▸ Task directions
Copy down every line of the data that follows exactly. Omit the pictures.

▸ Given information
********

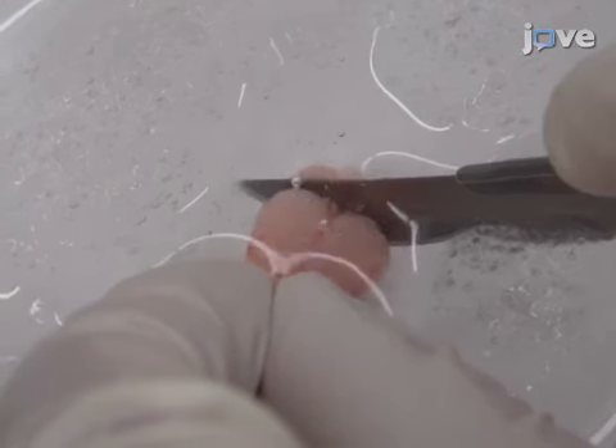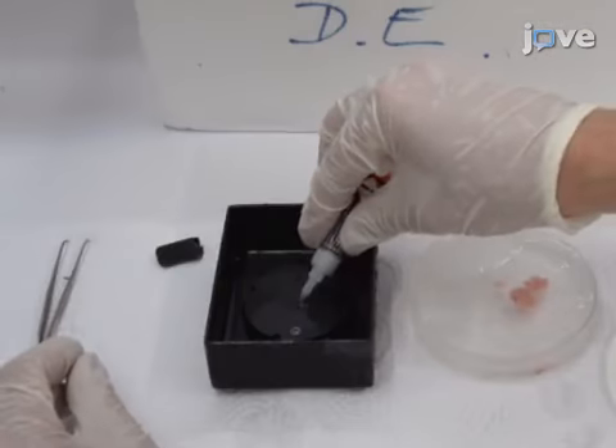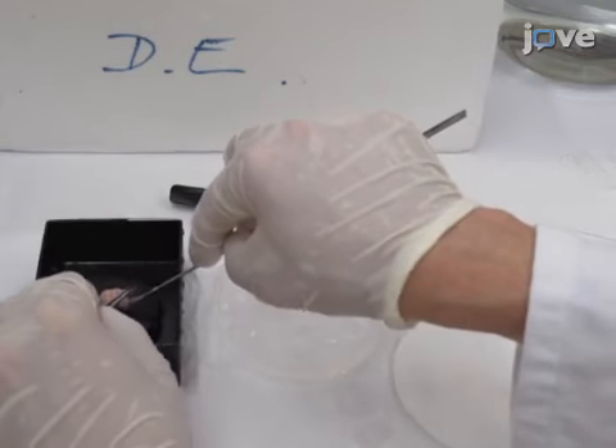To prepare coronal slices, make two cuts to remove the cerebellum and the rostral part of the brain. Then, apply cyanoacrylate glue on the specimen tray and glue the brain block to the tray such that the rostral part faces the slicing stage.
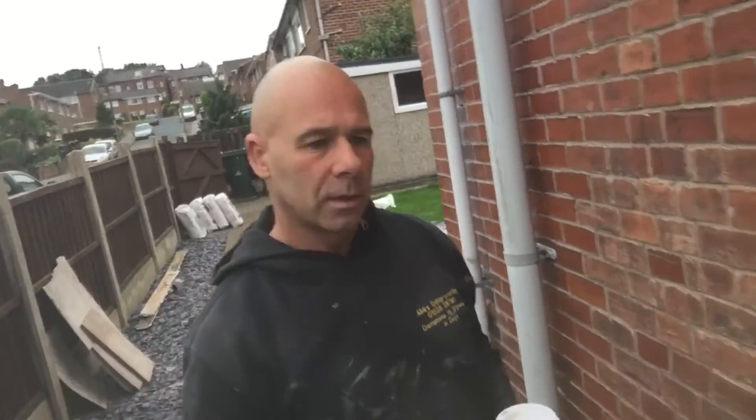Good morning viewers, Damsanam here, aka Simon from All Dry Damp Proofing. We've had a couple of questions about people's sentiment, basically asking about drilling and injecting into brickwork — the old system — versus drilling and injecting what we do into joints using silicone creams.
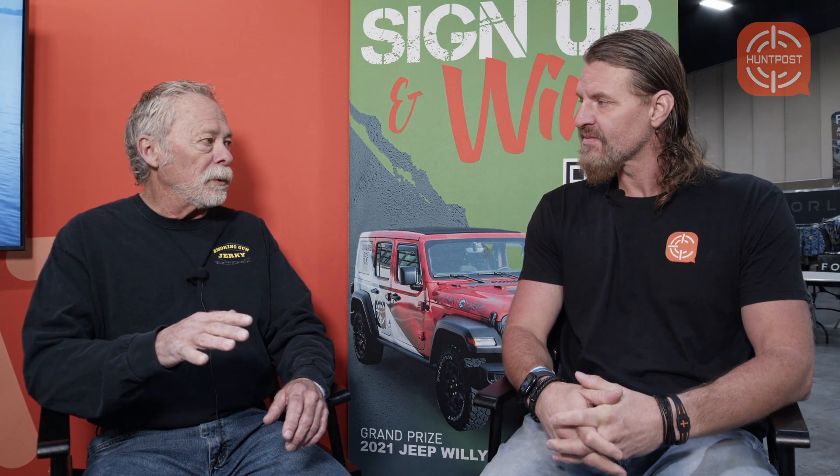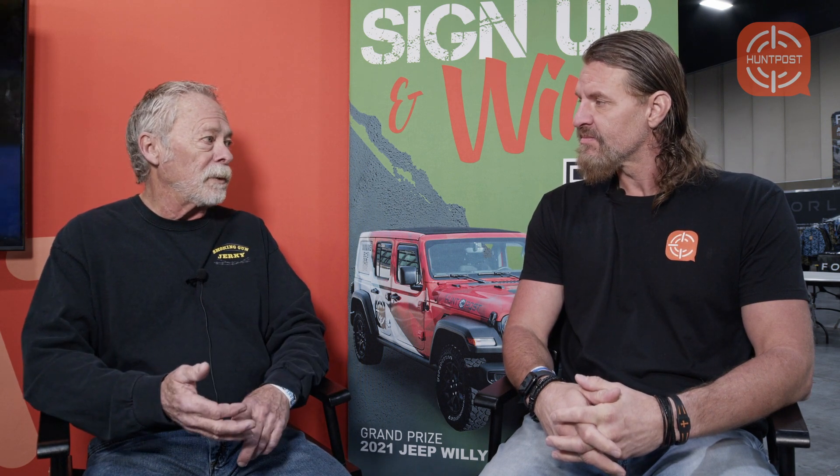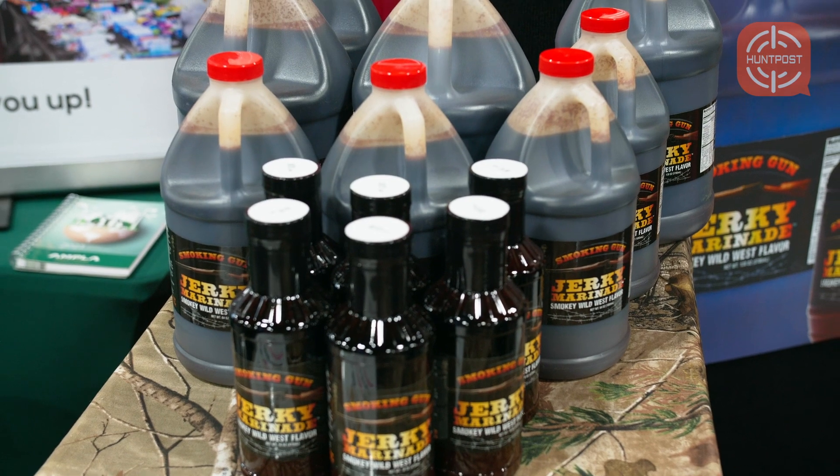It's a liquid marinade, so it permeates the meat and soaks into the meat — it's not just on the outside. It's very simple to use: you just add the meat to the marinade, mix it in a Ziploc bag for 24 hours, and it's ready to go into the dehydrator or the smoker. It's not like dry rubs where you lay it all out, sprinkle your seasoning on, cure it, turn it over, and do all that.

********

▸ Exercise answer
To prepare coronal slices, make two cuts to remove the cerebellum and the rostral part of the brain. Then, apply cyanoacrylate glue on the specimen tray and glue the brain block to the tray such that the rostral part faces the slicing stage.
Good morning viewers, Damsanam here, aka Simon from All Dry Damp Proofing. We've had a couple of questions about people's sentiment, basically asking about drilling and injecting into brickwork — the old system — versus drilling and injecting what we do into joints using silicone creams.
It's a liquid marinade, so it permeates the meat and soaks into the meat — it's not just on the outside. It's very simple to use: you just add the meat to the marinade, mix it in a Ziploc bag for 24 hours, and it's ready to go into the dehydrator or the smoker. It's not like dry rubs where you lay it all out, sprinkle your seasoning on, cure it, turn it over, and do all that.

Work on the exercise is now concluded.